France 24 fait le point avec Isabelle Vagnoux, professeure à l’université Aix-Marseille et auteure de « Les États-Unis et le Mexique : Histoire d’une relation tumultueuse », sur les possibles conséquences de la présidentielle sur les rapports entre les deux pays.

France 24 : Est-ce que l’élection de Donald Trump a changé les relations diplomatiques entre les États-Unis et le Mexique ?

Dès le début de sa campagne présidentielle, Donald Trump a tenu des propos durs et racistes envers le Mexique. C’était inédit pour un candidat à la présidence américaine et on pensait alors que ce n’était là que des mots, destinés à rallier les personnes qui ne veulent plus voir d’immigrés mexicains aux États-Unis. Mais, plus d’un an après son entrée en fonction, on ne peut pas dire que sa relation au Mexique se soit améliorée.

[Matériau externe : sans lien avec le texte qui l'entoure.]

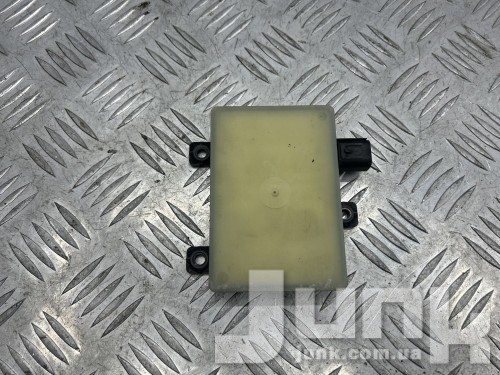 Датчик контроля слепых зон для KIA Optima 2019 oe D495851000 разборка бу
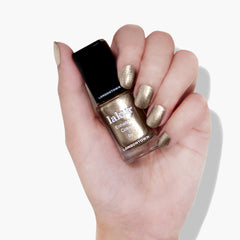 Best of British Nail Polish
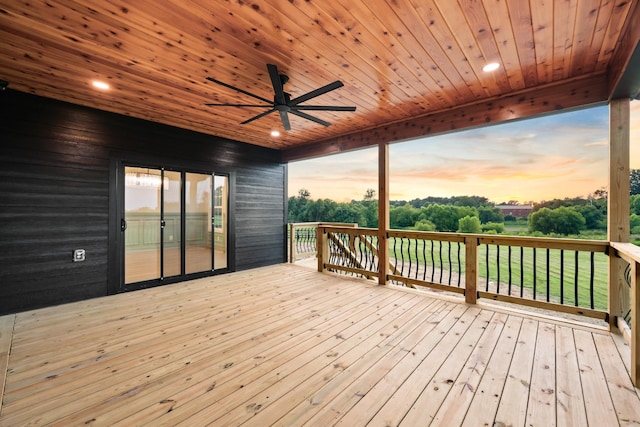 230 Hall Ct, Adams, TN 37010 - photo 52
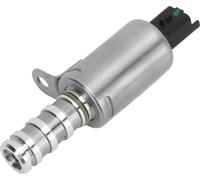 Électrovanne à temporisation variable 11367564734 Kit en alliage d'acier pour R55 R56 R57 R58 R59 R60 R61
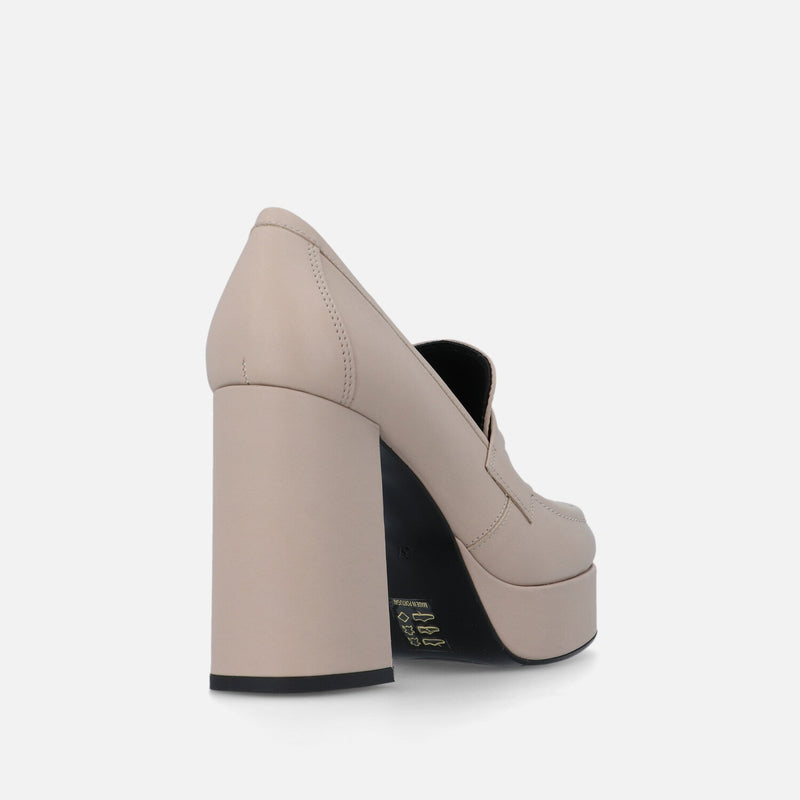 BRUNO PREMI - Pumps - Sevvy Fo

Face à lui, le président actuel, Enrique Peña Nieto, s’est montré conciliant. Il a proposé de le recevoir durant sa campagne électorale. Pourtant, Donald Trump a tenu dès le lendemain un discours incendiaire en Arizona contre les migrants mexicains. Le président mexicain a tout fait pour se mettre dans ses petits papiers, mais ça n’a pas marché. Enrique Peña Nieto a également misé sur la relation personnelle de son ministre des affaires étrangères, Luis Videgaray, avec le gendre de Trump, Jared Kuhsner. Mais, le président des États-Unis n’a jamais adouci son discours.

Est-ce que le thème de la relation avec les États-Unis s’est imposé durant la campagne ?

Tous les candidats sont forcément hostiles à Trump. Il n’a pas été un sujet de la campagne car il est acquis qu’il y a un rejet du président américain dans tout le pays. Et à ce niveau, il n’y a pas de réelles différences entre les candidats. José Antonio Meade, le candidat du PRI (centre), est le seul qui constitue un cas particulier puisque c’est le candidat imposé par Enrique Peña Nieto. Il paie donc le bilan de l’échec de l’actuel président dans la relation bilatérale et ne peut pas s’éloigner de cette position sans paraître renier Nieto.

Quelle est la posture de l’actuel favori, Andrés Manuel López Obrador (Amlo) ?

Ces dernières années, un sentiment de répulsion envers les États-Unis a commencé à naître au Mexique. Ils font moins rêver. Le nombre de Mexicains émigrant baisse d’année en année. Amlo exploite ce début de répulsion. Une des façons d’éviter que les Mexicains partent aux États-Unis et se fassent traiter comme ils se font traiter actuellement, c’est de ne plus y émigrer. La solution qu’il propose est donc d’améliorer la situation intérieure en se recentrant avant tout sur le Mexique.

Ce qui est assez intéressant, c’est que finalement, Amlo est un peu le pendant de Donald Trump, notamment sur le plan économique. Les deux pourraient s’entendre… ou pas.

Relancer l’Alena sera-t-il la priorité du prochain président mexicain ?

Tout va dépendre de qui est élu. Si c’est Amlo, on ne sait pas à quoi s’attendre comme le disait récemment l’ancienne ambassadrice américaine au Mexique, Roberta Jacobson. Il peut être dans la négociation comme il peut être extrêmement dur. Amlo a toujours dit que cela ne lui faisait pas peur de se retirer de l’Alena. On ne sait pas s’il ira jusque-là.

Il faut cependant rappeler que chacun des trois pays a en partie souffert à un degré ou à un autre. Au Mexique, si la classe moyenne a globalement profiter de l’ouverture, on ne peut pas en dire autant de la petite paysannerie. Celle-ci a souffert de la concurrence des produits américains qui arrivent libres de droits de douanes en provenance des États-Unis ou du Canada.

Toute la partie populaire de la société estime qu’elle a plus perdu que gagné à cause de l’Alena. Les électeurs d’Amlo sont là.

Le Mexique a-t-il un rôle à jouer pour réguler l’afflux de migrants centraméricains se rendant aux États-Unis ?

Le Mexique a peu de moyens de rétorsion face aux États-Unis et à Trump. La coopération en matière de sécurité en est un. Ils pourraient très bien décider que les migrants centraméricains ne sont pas leur problème et redeployer leur moyens de sécurité à autre chose.